Two Khmer Rouge leaders have denied any guilt as their trial concludes. The hybrid national and United Nations tribunal was set up in 2006 to try perpetrators for the worst crimes under Pol Pot's ultra-Maoist regime.

https://p.dw.com/p/1A9Rp
Former Khmer Rouge leader ''Brother Number Two'' Nuon Chea (C), is seen at the Extraordinary Chambers in the Courts of Cambodia (ECCC), in the outskirts of Phnom Penh in this handout picture (Photo: REUTERS/Mark Peters/ ECCC/Handout via Reuters)
Image: Reuters

Nuon Chea (pictured), known as Pol Pot's Brother No. 2 and the regime's chief ideologist, and former Khmer Rouge head of state Khieu Samphan, claimed the court could not hold them responsible for crimes that occurred under the regime. On trial for almost two years now, Nuon Chea, 87, and Khieu Samphan, 82, face charges of crimes against humanity and genocide between 1975 and 1979, when 1.7 million people met their deaths by execution, overwork or starvation.

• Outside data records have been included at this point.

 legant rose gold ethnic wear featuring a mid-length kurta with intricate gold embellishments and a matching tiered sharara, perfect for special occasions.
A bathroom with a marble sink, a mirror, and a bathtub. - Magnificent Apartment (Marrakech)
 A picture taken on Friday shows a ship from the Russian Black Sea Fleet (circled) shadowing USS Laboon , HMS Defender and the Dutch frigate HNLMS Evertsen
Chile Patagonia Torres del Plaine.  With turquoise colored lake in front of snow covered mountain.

"I didn't have any knowledge of the crimes committed," Nuon Chea told the court, asking for acquittal and claiming he only learned of atrocities after the government's fall. "Nonetheless I would like to express my deepest remorse and moral responsibility to the victims and Cambodian people who suffered," he added, admitting some fault because "loose and untidy control" within the regime allowed "treacherous subordinates" to commit atrocities.

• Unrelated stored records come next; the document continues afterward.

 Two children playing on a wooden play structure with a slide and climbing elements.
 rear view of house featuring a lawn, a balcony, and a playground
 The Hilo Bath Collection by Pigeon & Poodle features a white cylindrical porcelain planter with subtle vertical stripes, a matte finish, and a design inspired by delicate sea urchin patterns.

Thursday marked the final day of the landmark trial, in which four defendants had initially faced prosecution, and throughout which many feared that the aging leaders would not live to see a verdict, expected early next year. Former foreign minister Ieng Sary died earlier this year and advanced dementia left his wife, Ieng Thirith, unfit for trial due to advanced dementia. Khmer Rouge leader Pol Pot died in 1998.

'Peace and prosperity'

For his part Khieu Samphan said he had only wanted "peace and prosperity for Cambodia."

"It's easy to say that I should have known everything," he said. "Do you really think that that was what I wanted to happen to my people?"

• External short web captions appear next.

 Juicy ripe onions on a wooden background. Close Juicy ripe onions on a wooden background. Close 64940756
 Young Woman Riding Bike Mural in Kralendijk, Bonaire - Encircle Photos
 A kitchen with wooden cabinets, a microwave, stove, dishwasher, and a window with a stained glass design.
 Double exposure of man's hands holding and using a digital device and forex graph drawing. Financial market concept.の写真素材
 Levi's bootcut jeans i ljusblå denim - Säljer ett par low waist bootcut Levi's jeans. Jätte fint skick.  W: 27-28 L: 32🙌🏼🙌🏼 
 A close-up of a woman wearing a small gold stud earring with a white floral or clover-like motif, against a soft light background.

The tribunal, launched in 2006, so far has convicted only one defendant, Khmer Rouge prison director Kaing Guek Eav, who had his sentence extended to life imprisonment in 2011. The present trial has focused on the forced movement of people and excludes some of the gravest charges related to genocide, detention centers and killings. The next trial will begin as soon as possible, but the tribunal has not set a date.